$2.2m mission to find 'possible spacecraft' crashed off Australian coast

A professor from Harvard University is on a $2.2 million recovery mission to determine if a mysterious meteorite that crashed near Australia almost a decade ago is a UFO.

As part of the expedition, astrophysicist Avi Loeb, who “definitely” believes extraterrestrials exist, will scour the floor of the southwestern Pacific Ocean for what he believes may be an alien spacecraft.

“The material of it is tougher than iron, based on the data, so the question is whether it’s just an unusual rock or perhaps a spacecraft from another civilisation,” he told Channel Seven’s Sunrise on Monday.

Images of the meteor.
Professor Avi Loeb believes the meteorite may be an alien spacecraft. Source: Sunrise

Professor working to capture UFO

The unknown object plummeted into the Pacific Ocean in 2014, about 160 kilometres off the coast of Australia’s neighbour, Papua New Guinea. Scientists believe it was traveling at 45 kilometres per second.

Earlier this year, the US Space Command confirmed the article came from another star system, and was the first interstellar meteor to ever hit earth.

But Professor Loeb, who heads up the Galileo Project, which is working to capture a high-definition image of a UFO, believes otherwise.

“We know that most of the stars were formed five billion years before the Sun,” he told Sunrise. “So there was plenty of time for any civilisation next to them, and there are tens of billions of them in the Milky Way galaxy alone, to send probes that would reach us.”

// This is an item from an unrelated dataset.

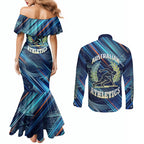 Australian Athletics Couples Matching Mermaid Dress and Long Sleeve Button Shirt Geometric Digital Sport Motion Art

“Out of cosmic modesty we should assume that we are not the smartest kid in our cosmic neighbourhood and we can learn from them.”

Professor Loeb added that he has received full funding for the expedition to scoop the ocean floor and retrieve the object, and that any find would be displayed in the Museum of Modern Art in New York City.

PNG islands.
As part of the retrieval expedition, Professor Loeb and his team will scour the floor of the southwestern Pacific Ocean. Source: Getty

'We’re not alone in this universe'

Social media was divided over the news and whether extraterrestrial life exists.

“It’s pretty clear that we are now well past the point of asking if they exist and into the territory of who are they, why are they communicating with us and what does this mean for us,” one person wrote. “You're seriously brainwashed if you think that we are alone in this universe, or that they haven’t been here for years,” said another.

While others were more cynical.

“Must be good to have money to spare on things like that,” one user wrote. “That’s one way of getting a free trip to paradise,” another said. “Amazing an alien aircraft can travel half way across the galaxy, maybe even further, then it reaches earth and crashes,” someone else added.